Es gibt keine Geschenke, in der Politik so wenig wie im Fußball. Wer den Elfer bekommt, schießt ihn, auch wenn ihn der Gegner unabsichtlich verursachte. Und wem CDU und FDP so eine Vorlage geben, wie in Erfurt, der nutzt sie. Will man Bodo Ramelow etwa vorwerfen, dass er freiwillig auf das Ministerpräsidentenamt verzichten möchte? „Trickreich“ verzichtet, wie eine argumentativ ausgeknockte Anti-Ramelow-Zeitung schon schrieb?

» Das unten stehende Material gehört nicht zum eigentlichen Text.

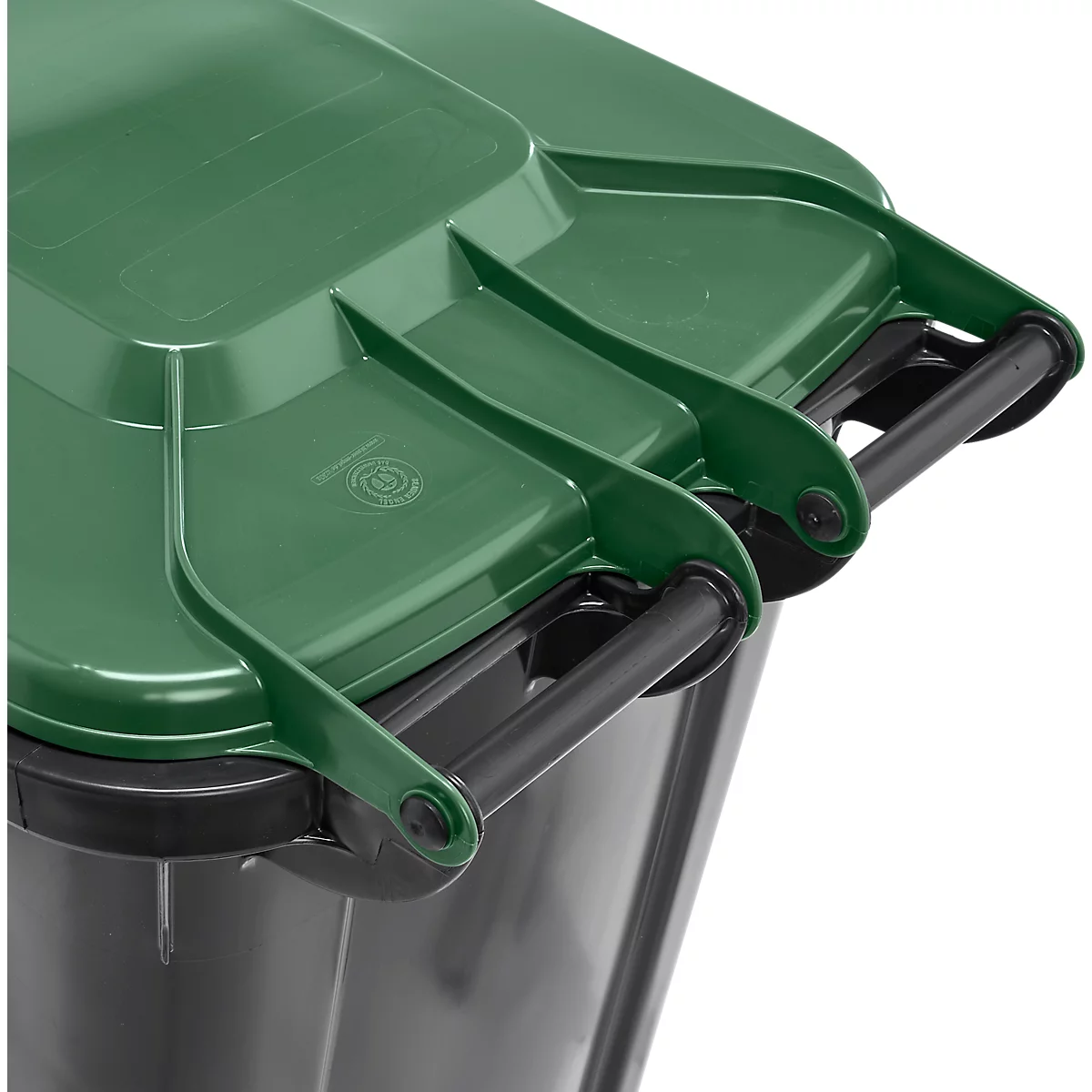 Poubelle mobile SSI Schäfer GMT eXtra, 240 l, EN 840, préparée pour recevoir une puce, poignée de traction, 90 % de plastique recyclé, noir-vert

Der Schachzug ist genial. Ramelows Linkskoalition wählt für den Übergang Christine Lieberknecht (CDU) als Ministerpräsidentin mit, um Neuwahlen zu bekommen. Die die CDU bundesweit für Thüringen selbst fordert, nur im Freistaat nicht, weil sie dort halbiert werden wird. Die Erfurter CDU kann das Angebot, eine der ihren, noch dazu eine Erfahrene, zur Übergangs-Ministerpräsidentin zu wählen, kaum ablehnen. Sonst verliert sie ihre Glaubwürdigkeit komplett. Nebenbei kitzelt Ramelow die Christdemokraten noch an einer besonders unangenehmen Stelle: ihrem Kooperationsverbot mit den Linken.

Gratulation an Thomas Kemmerich (FDP) und seinen CDU-Bruder im Geiste Mike Mohring. Statt Ramelow mit einer rot-rot-grünen Minderheitsregierung, die vorletzte Woche durch diese beiden Obertaktierer im Verein mit der AfD zum Preis eines bundesweiten Skandals verhindert wurde, bekommt Thüringen im Fall einer Neuwahl wahrscheinlich, Umfragestand heute, Ramelow mit einer rot-rot-grünen Mehrheitsregierung. Bestimmt gibt es irgendeinen Spruch von Laotse, wonach derjenige gewinnt, der die negative Energie anderer aufnimmt und für sich verwendet. Chapeau, Bodo.

Das Spiel ist noch nicht zu Ende

Ramelow kann sich jetzt sogar noch als Retter des Vaterlandes ausgeben, als einer, der den unerträglichen Zustand des Patts im Parlament aus Gemeinwohlinteresse heraus auflöst und dafür uneigennützig eigene Ansprüche zurückstellt. Was zusätzliche Stimmen bringt, obwohl beides nicht stimmt. Denn auch bei einem neuen Wahlgang im bestehenden Parlament wäre der Linke nicht Ministerpräsident geworden, jedenfalls nicht ohne AfD-Stimmen, die er nicht will, und nicht ohne CDU- oder FDP-Stimmen, die er nicht bekommt. Der Fuchs verzichtet auf die Trauben, die im Moment noch zu hoch hängen. Und sagt: Ich tue es für die Natur. Schlauer Fuchs.

Für Christine Lieberknecht stellt sich die Frage „Staatspolitische Verantwortung versus Parteiinteresse“ nun ganz persönlich. Man darf annehmen, dass ihr das Landeswohl wichtiger ist. Würde sie wider Erwarten auf eine Kandidatur verzichten, gäbe es noch einmal eine Komplikation. Dann käme Ramelow von seiner aktuellen Ankündigung nämlich nicht mehr herunter und müsste auch einen anderen nichtlinken Politiker für eine Übergangszeit mitwählen. Zur Not auch, wie von FDP-Chef Christian Lindner vorgeschlagen, einen unabhängigen Experten. Das wäre dann die nächste Variante. Das Spiel ist eben erst zu Ende, wenn der Schiedsrichter gepfiffen hat. Dass es Richtung Neuwahlen läuft, ist aber jetzt immer wahrscheinlicher – und bei dieser Art von Spiel wohl auch besser. Die Erfurter CDU sollte nicht auf Verzögerung setzen.